=== ACTION ITEM ===
For the entries that appear below, write out the exact text and omit the pictures.

=== DATA RECORDS ===
_ _ _ _ _
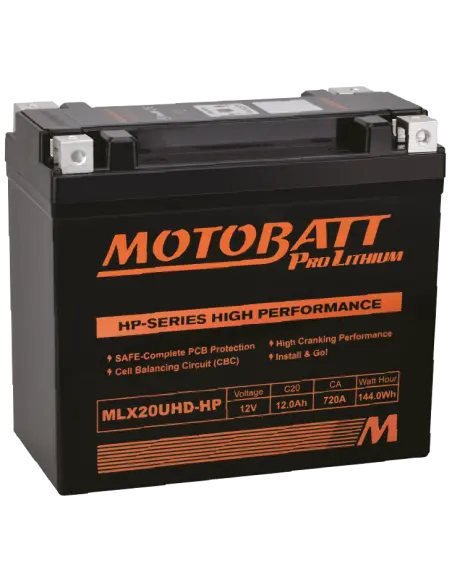 Motobatt MLX20UHDHP Lithium 12V 12Ah Motorcycle Battery | Iguana Custom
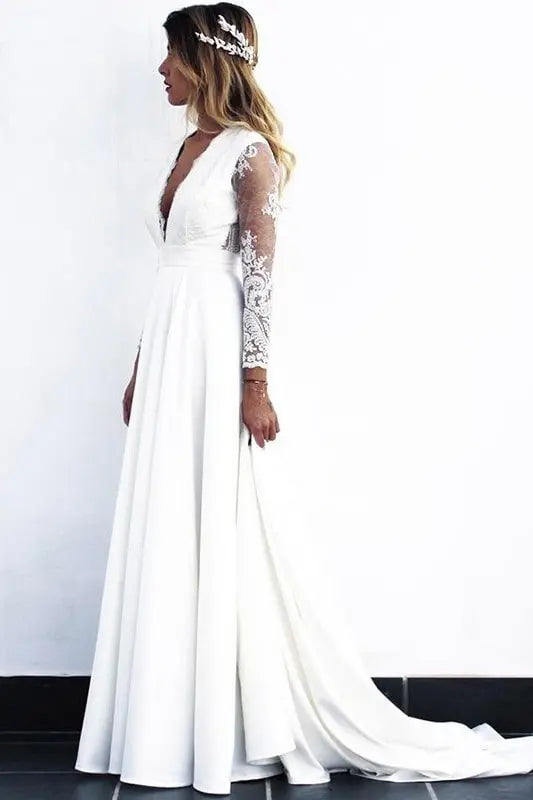 A-Line/Princess Stretch Crepe Lace V-neck Long Sleeves Sweep/Brush Train Wedding Dresses - KAIDRESS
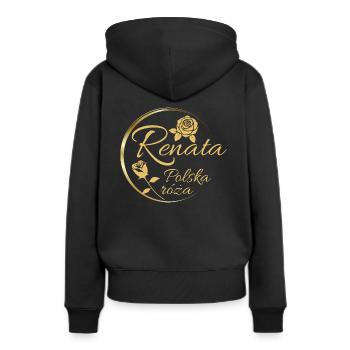 Renata - Rosen - Polnische Rose - Frauen Premium Bio Hoodie - Schwarz - Hinten - Julia (174cm)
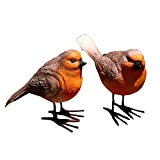 Takefuns - 2 statuette di uccelli artificiali, piccole sculture da gioco per esterni, decorazione da giardino, decorazione in resina, per ...
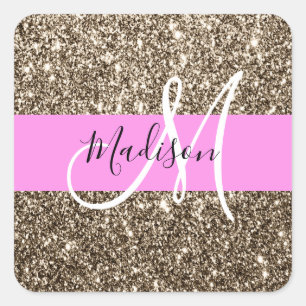 Glam Pink Champagne Gold Glitter Sparkle Monogram Vierkante Sticker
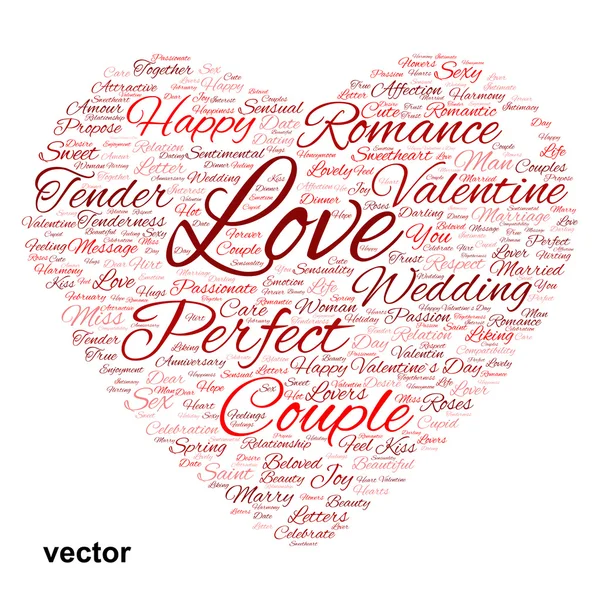 Valentine heart word cloud — Stock Vector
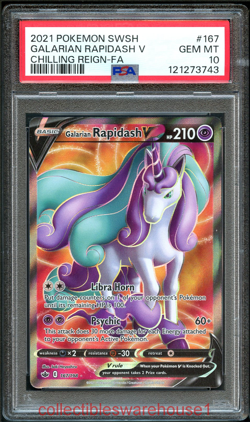Pokemon Chilling Reign Galarian Rapidash V 167 PSA 10 - Image 1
_ _ _ _ _
=== SOLUTION TO THIS EXERCISE ===
 Motobatt MLX20UHDHP Lithium 12V 12Ah Motorcycle Battery | Iguana Custom
 A-Line/Princess Stretch Crepe Lace V-neck Long Sleeves Sweep/Brush Train Wedding Dresses - KAIDRESS
 Renata - Rosen - Polnische Rose - Frauen Premium Bio Hoodie - Schwarz - Hinten - Julia (174cm)
 Takefuns - 2 statuette di uccelli artificiali, piccole sculture da gioco per esterni, decorazione da giardino, decorazione in resina, per ...
 Glam Pink Champagne Gold Glitter Sparkle Monogram Vierkante Sticker
 Valentine heart word cloud — Stock Vector
Pokemon Chilling Reign Galarian Rapidash V 167 PSA 10 - Image 1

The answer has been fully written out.